[COLLECTED MATERIAL]

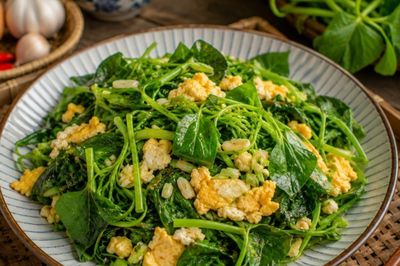 Không ngờ loại rau rẻ bèo này xào với trứng lại ngon đến thế, nồi cơm 5 bát vẫn thấy thiếu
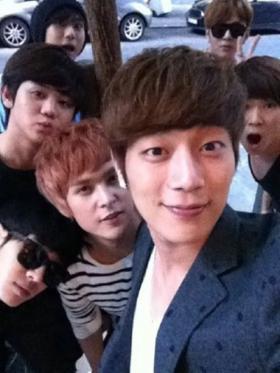 ดูจุน (Doo Joon) ทักทายแฟนๆ ด้วยภาพอัพเดท?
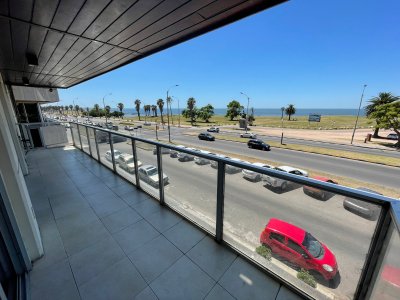 Venta Apartamento 3 Dormitorios y terraza frente al mar en Punta Carretas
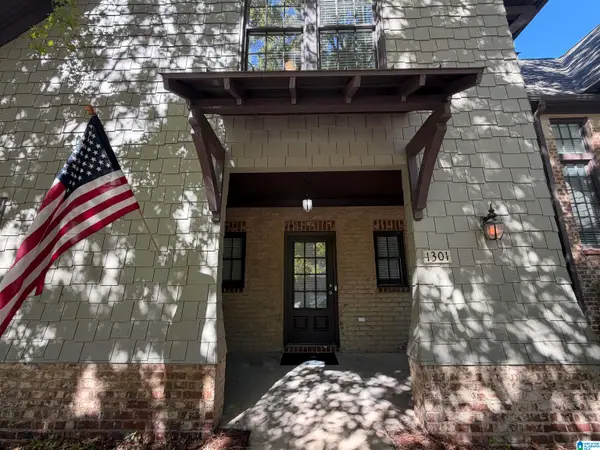 1301 INVERNESS COVE DRIVE, Hoover, AL 35242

[/COLLECTED MATERIAL]

WHAT IS REQUIRED:
Please return the lines from the line with "Venta Apartamento 3" through the last line of the data, both included, exactly, and without pictures.

EXERCISE RESULT:
 Venta Apartamento 3 Dormitorios y terraza frente al mar en Punta Carretas
 1301 INVERNESS COVE DRIVE, Hoover, AL 35242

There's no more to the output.